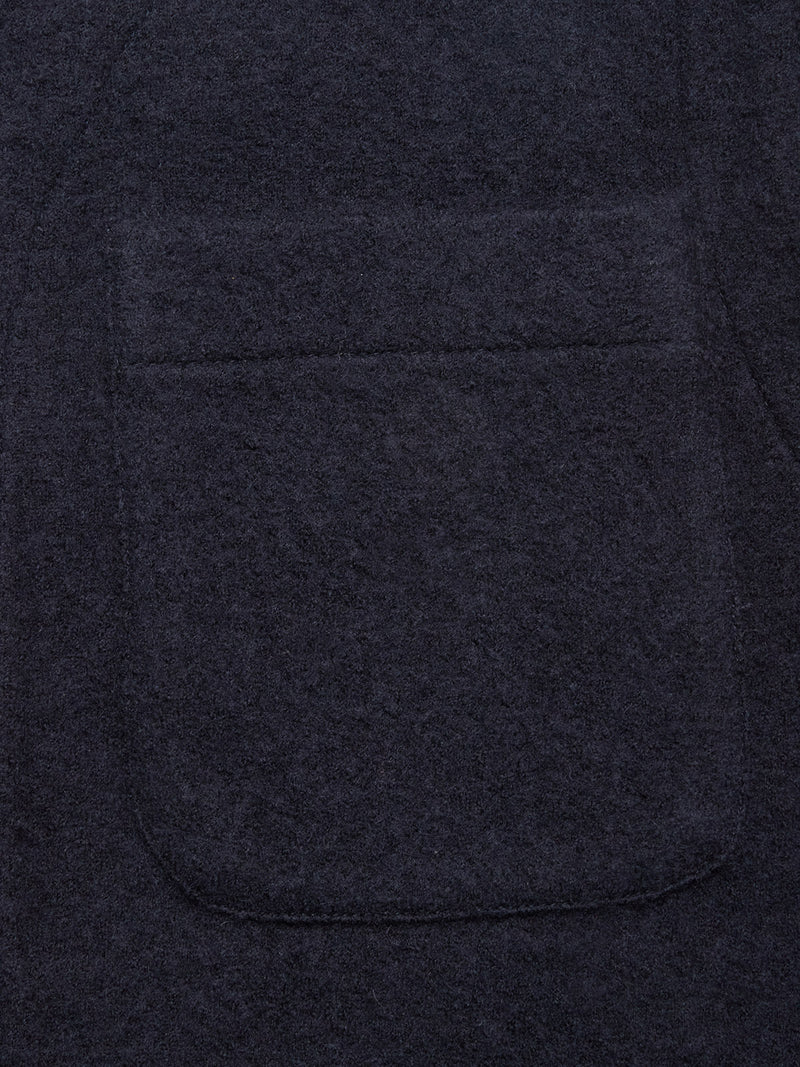 Close-up of the Koi Wool Gilet in Navy by Blue de Gênes, showing dark textured boiled wool and a large patch pocket—typical features of an insulating vest.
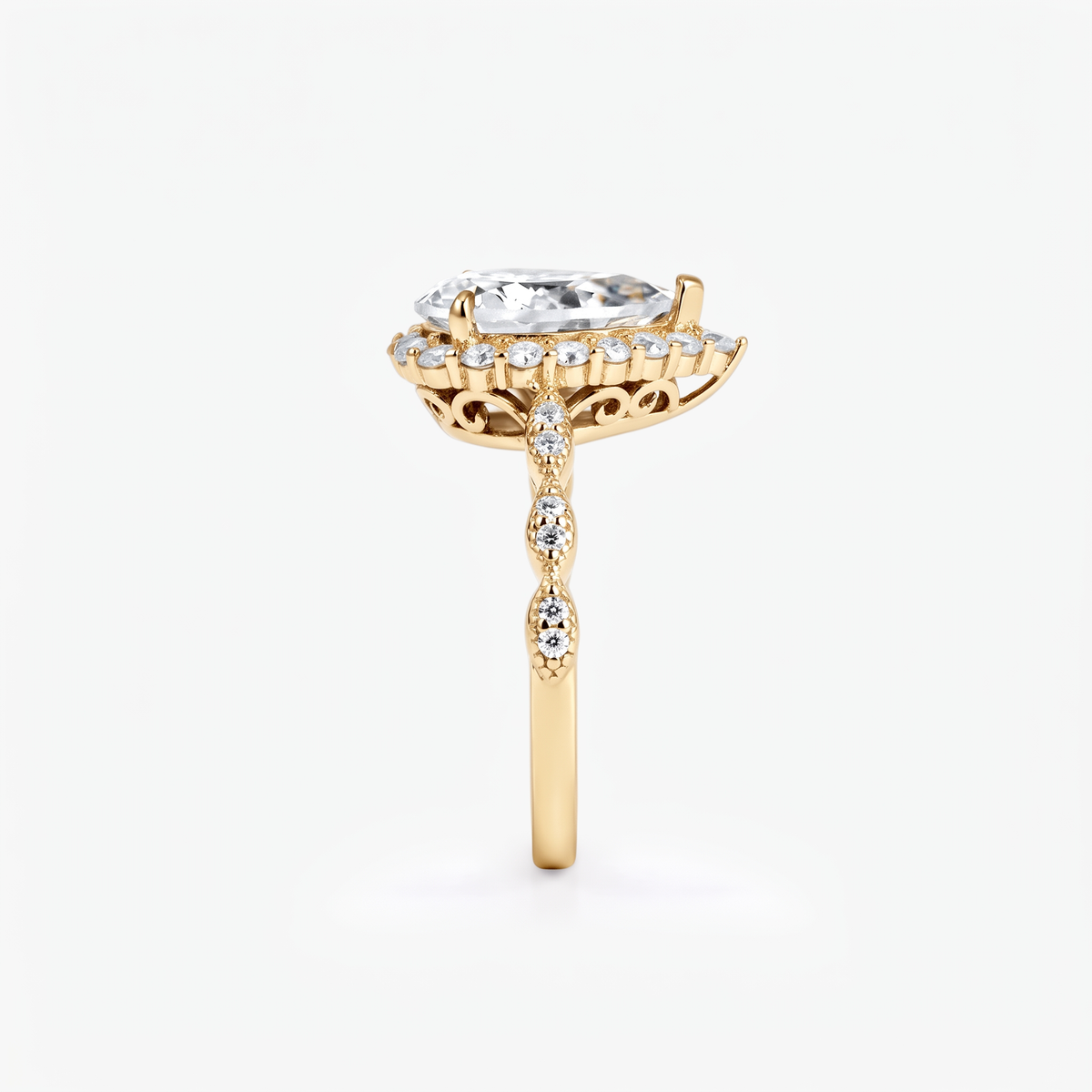 Pear Moissanite Halo Twist Pavé Ring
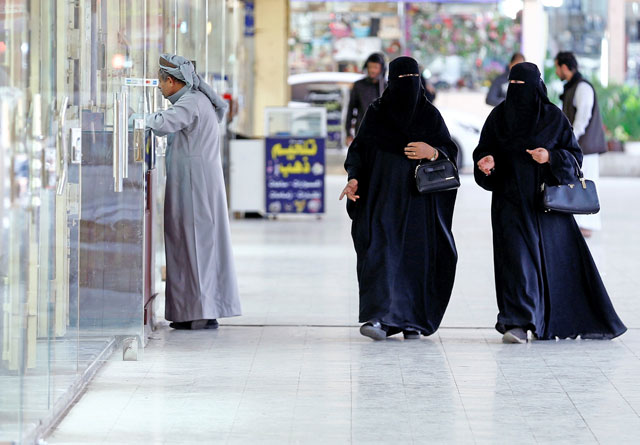 Women walk at a market in Riyadh, Saudi Arabia, on Wednesday (Reuters photo)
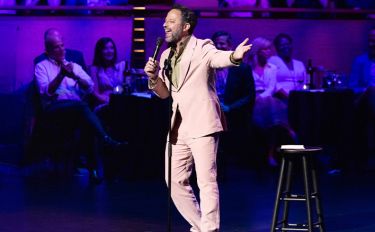 Comedy vs Cancer host Nick Kroll on stage holding a microphone.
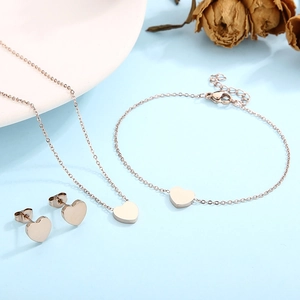Elegant rose gold heart jewelry set including necklace, bracelet, and stud earrings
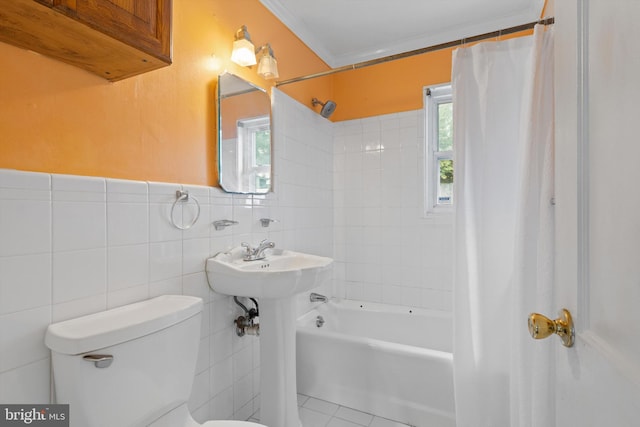 bathroom featuring tile walls, toilet, a wealth of natural light, and shower / tub combo with curtain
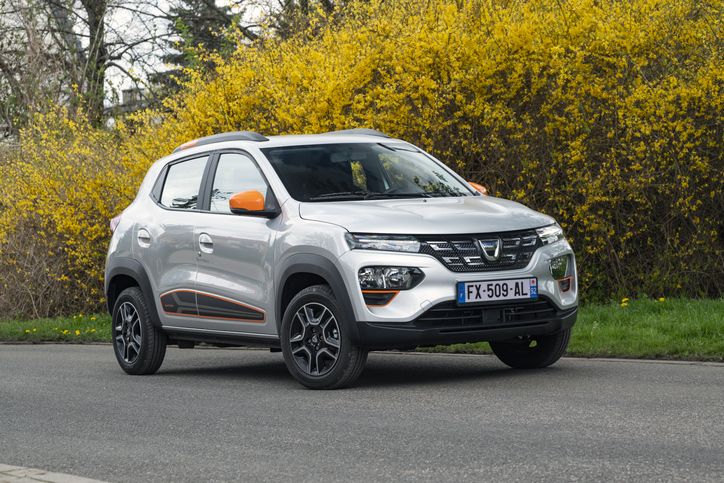 SUV compacto prateado estacionado numa estrada com arbustos floridos amarelos ao fundo; apresenta detalhes em laranja e jantes de liga leve pretas.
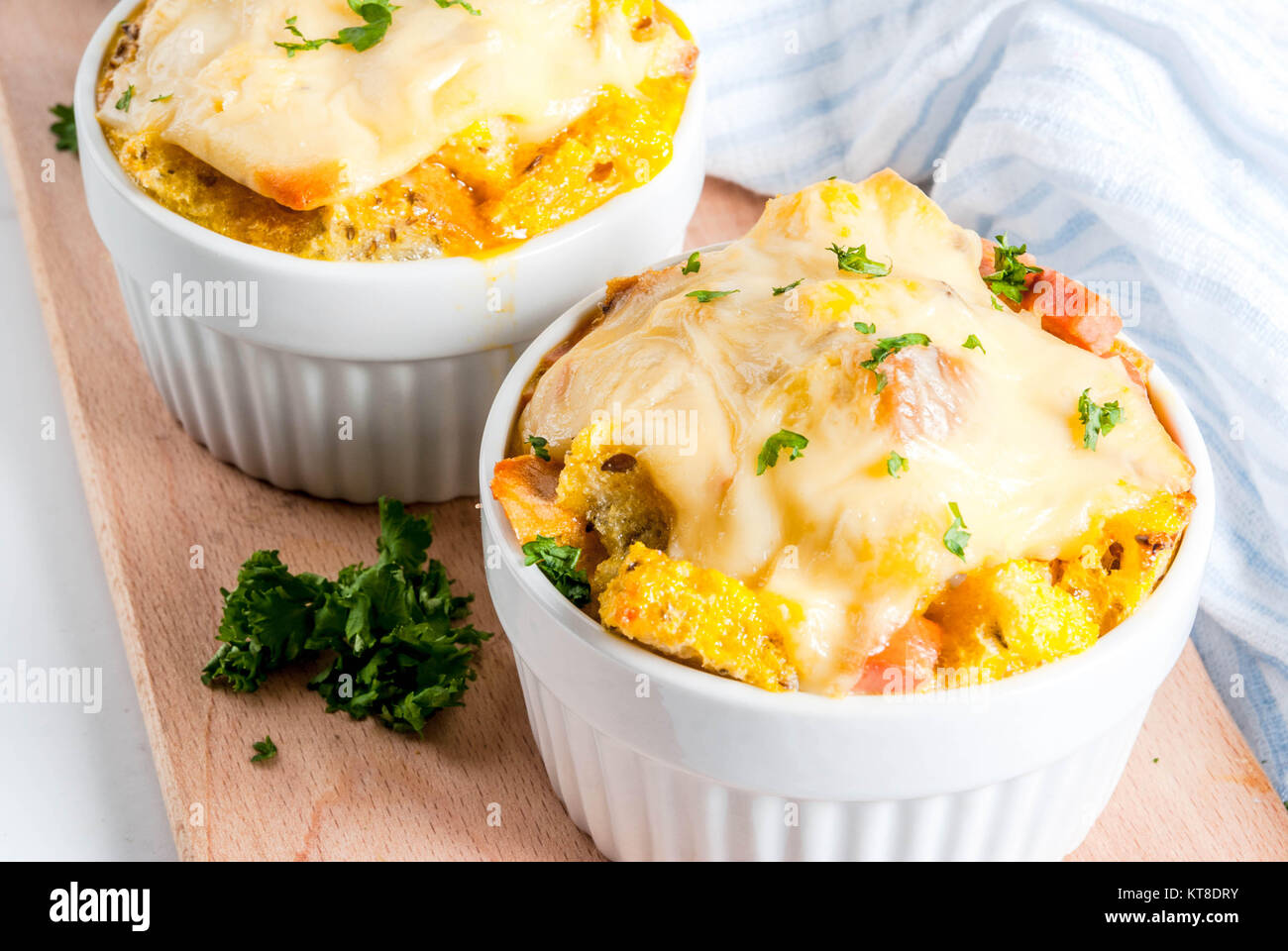 Homemade italian bread casserole strata with cheese, egg and ham, white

Assigned task:
Reproduce exactly the lines above that run from the one with "Pear Moissanite Halo Twist Pavé Ring" to the one with "SUV compacto prateado", both included, leaving pictures out.

Output of the exercise:
 Pear Moissanite Halo Twist Pavé Ring
 Women walk at a market in Riyadh, Saudi Arabia, on Wednesday (Reuters photo)
 Comedy vs Cancer host Nick Kroll on stage holding a microphone.
Elegant rose gold heart jewelry set including necklace, bracelet, and stud earrings
 bathroom featuring tile walls, toilet, a wealth of natural light, and shower / tub combo with curtain
 SUV compacto prateado estacionado numa estrada com arbustos floridos amarelos ao fundo; apresenta detalhes em laranja e jantes de liga leve pretas.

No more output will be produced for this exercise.